The United States Patent and Trademark Office’s (USPTO) May 14, 2026, precedential decision in Magnolia Medical Technologies v. Kurin warrants careful scrutiny from the congressional committees with jurisdiction over patent law. The decision purports to restore the Patent Trial and Appeal Board to its original congressional design. A close reading of the legislative record suggests otherwise.
The Statutory Purpose of IPR
Magnolia’s foundational premise — that Inter Partes Review (IPR) was created primarily as an alternative to litigation, and that petitioners already in court are misusing the process — is a selective and incomplete reading of the America Invents Act’s (AIA) legislative record. The House Judiciary Committee Report states that Congress sought “to establish a more efficient and streamlined patent system that will improve patent quality and limit unnecessary and counterproductive litigation costs,” H.R. Rep. No. 112-98, at 40 (2011). The Congressional Record is consistent: The AIA should “strengthen patent quality and reduce costs,” given that “litigation over invalid patents places a substantial burden on US courts and the US economy,” 157 Cong. Rec. 13166 (2011). Magnolia elevates a subordinate “alternative to litigation” phrase to a governing principle while setting aside the dominant patent quality theme Congress actually expressed.
The Trump administration’s own Solicitor General made this point before the Supreme Court in Oil States, arguing that Congress enacted IPR to “improve patent quality and restore confidence in the presumption of validity that comes with issued patents” — not as a litigation substitute. The Court agreed, 7-2. Oil States Energy Servs., LLC v. Greene’s Energy Grp., LLC, 584 U.S. 325 (2018).
The Parallel Litigation Problem Is Misdiagnosed
Magnolia’s parallel litigation argument also turns the IPR process on its head. The decision laments that “many petitioners seek AIA review in parallel with litigation,” as if that were evidence of bad faith. But who are these petitioners? They are typically companies that have first been targeted with a specious assertion of infringing an invalid patent claim. Magnolia blames the victims of these frivolous assertions for invoking their rights to a congressionally mandated, expert review of USPTO examination errors, while deeming harmless the predatory tactics of Non-Practicing Entities (NPEs) seeking to monetize those errors. USPTO has it exactly backwards. Furthermore, parallel proceedings persist largely because courts in the Eastern and Western Districts of Texas routinely decline to stay litigation while IPR proceeds. The appropriate response is to address district court venue and stay practice, not restrict access to an administrative proceeding Congress specifically designed for the purpose of improving patent quality and reducing costly and unnecessary litigation.
Existing Safeguards and the Statistical Record
Magnolia’s abuse concerns also overlook the safeguards Congress already built into the AIA. IPR proceedings are limited to specific grounds; must conclude within one year; cannot be filed more than one year after service of a complaint; and trigger broad estoppel after a final written decision. Congress further empowered USPTO to sanction petitioners who misuse the process. These are deliberate design choices, not gaps in the law.
The statistical record does not support the premise of widespread abuse either. In 2024, out of approximately 3.9 million live US patents, fewer than 350 — roughly 0.009 percent — were even partially invalidated by the Patent Trial and Appeal Board. Serial petitions account for a mere 0.3 percent of all instituted IPRs. What the data do show, however, is a dramatic and troubling collapse in institution rates: USPTO instituted roughly 70 percent of petitions for most of the IPR program’s history; that figure dropped to approximately 20 percent in the period immediately following Director Squires’ appointment.

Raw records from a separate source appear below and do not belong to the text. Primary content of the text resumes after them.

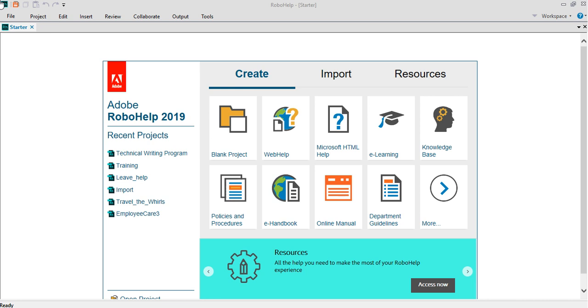For those of you who have been in technical writing, one of the most important tools that we consistently keep hearing about is Adobe RoboHelp, and this has been in the market for a couple of years now.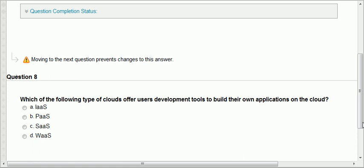Question eight: which type of cloud offers users development tools to build their own application on the cloud? That's platform as a service, PaaS. IaaS is infrastructure as a service — renting the hardware. PaaS is renting the development tools. SaaS is renting an application. There is nothing called WAS, so D is definitely wrong.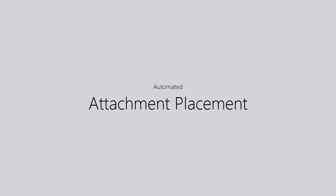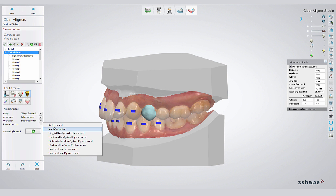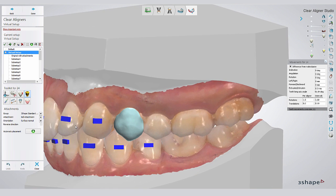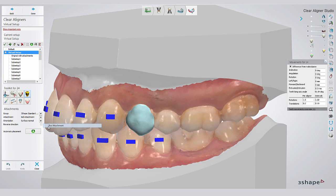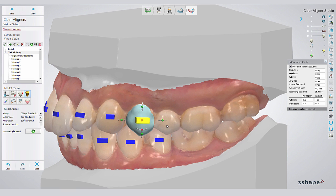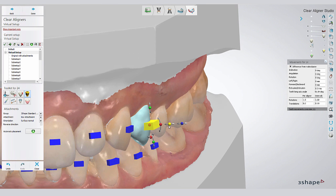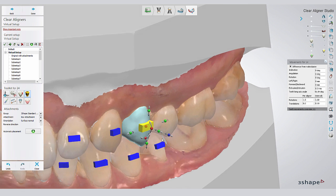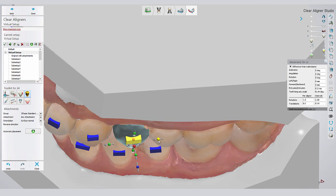So how does automated attachment placement work? If you select a tooth, the software will check whether the rules that you set up in the control panel apply for the movements that you performed on this tooth during your virtual setup, and it will suggest the selected type of attachment. You can still modify this attachment in its position if necessary.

The decline is not a function of petition quality — it is a function of the Director’s preferences regarding discretionary denials. Furthermore, in the same time period, NPE litigation filings in district court rose sharply. The Judiciary Committees should examine whether that policy is consistent with the statutory standard Congress established in 35 U.S.C. § 314(a).
Declining to institute meritorious IPR petitions does not strengthen the patent system. It insulates examination errors from correction and leaves likely invalid claims available for assertion against productive companies. The IPR process was designed to produce stronger, more reliable patents, and Congress built sufficient safeguards to ensure it operates fairly. Restricting access to that process, without statutory authority and contrary to the legislative record, is not reform. It is a departure from the law Congress enacted.